I have read and loved all Joe Simpson’s non-fiction books; torn between admiration of his courage and disbelief at the way he repeatedly puts himself in danger. I was unaware that he’d made the move into fiction writing until this book popped through my letter box, but I’ve since discovered that this is actually his second fiction novel. Once again I’m torn – this time between wanting him to go back into those dangerous situations (so he’s able to write another non-fiction account of his adventures) and being pleased that he has at last decided to stay inside and do nothing more dangerous than sharpen pencils.
The Sound of Gravity begins with a climbing accident in the Alps. A man has to let go of his girlfriend’s hand, leaving her to fall to her death and him with a decade of guilt. The book goes on to cover events leading up to this tragedy and details of his slow recovery afterwards.

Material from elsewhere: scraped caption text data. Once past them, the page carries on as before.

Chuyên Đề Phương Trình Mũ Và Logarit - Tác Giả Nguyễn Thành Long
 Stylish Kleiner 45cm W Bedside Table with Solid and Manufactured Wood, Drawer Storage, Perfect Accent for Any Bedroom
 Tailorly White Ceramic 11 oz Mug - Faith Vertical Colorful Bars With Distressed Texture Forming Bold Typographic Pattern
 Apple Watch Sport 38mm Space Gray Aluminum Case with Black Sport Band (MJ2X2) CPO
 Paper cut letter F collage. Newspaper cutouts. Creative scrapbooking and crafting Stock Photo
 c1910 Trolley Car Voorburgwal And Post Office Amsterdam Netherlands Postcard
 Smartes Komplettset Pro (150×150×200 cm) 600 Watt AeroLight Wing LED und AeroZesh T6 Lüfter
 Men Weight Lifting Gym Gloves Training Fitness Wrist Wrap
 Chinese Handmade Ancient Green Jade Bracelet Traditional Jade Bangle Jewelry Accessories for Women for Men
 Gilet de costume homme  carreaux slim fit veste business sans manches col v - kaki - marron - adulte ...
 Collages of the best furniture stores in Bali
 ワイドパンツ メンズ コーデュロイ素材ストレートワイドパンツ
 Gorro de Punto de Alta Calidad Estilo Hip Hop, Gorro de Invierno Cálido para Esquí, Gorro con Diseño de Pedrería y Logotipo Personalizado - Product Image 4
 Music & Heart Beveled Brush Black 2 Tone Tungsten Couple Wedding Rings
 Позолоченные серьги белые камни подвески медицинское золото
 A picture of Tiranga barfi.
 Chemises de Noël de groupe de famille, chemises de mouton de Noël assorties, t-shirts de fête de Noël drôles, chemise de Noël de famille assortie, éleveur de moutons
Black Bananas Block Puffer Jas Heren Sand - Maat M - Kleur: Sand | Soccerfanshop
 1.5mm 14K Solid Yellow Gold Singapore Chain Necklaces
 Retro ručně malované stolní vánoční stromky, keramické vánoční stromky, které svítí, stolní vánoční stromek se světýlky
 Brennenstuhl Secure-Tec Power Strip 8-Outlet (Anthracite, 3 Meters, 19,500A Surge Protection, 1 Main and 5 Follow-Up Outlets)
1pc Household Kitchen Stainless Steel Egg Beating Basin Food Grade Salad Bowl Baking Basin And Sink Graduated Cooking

I initially loved the vivid descriptions of both the surroundings and the raw emotions.
But after a while I began to get snow fatigue. Every page seemed to describe yet another snowy outcrop, each with its own near-death experience.
This left me thinking about the differences between fiction and non-fiction. Did I only love Joe Simpson’s previous books because I knew they were true? Were the endless near-misses so much more exciting because they involved the lives of real people? I guess it all comes down to the fact that I just didn’t care about the characters in this book – they had so many accidents that each one began to lose its significance.
If you’re new to Joe Simpson I recommend starting with Touching The Void. The Touching The Void DVD is also very good, especially the extra feature documentary – it is, in my opinion, the best extra feature I’ve ever found on a DVD.
I’m sure that the technical details will mean that this book will appeal to climbers, but I think the average reader will prefer his non-fiction titles.
Have you read any of Joe Simpson’s books?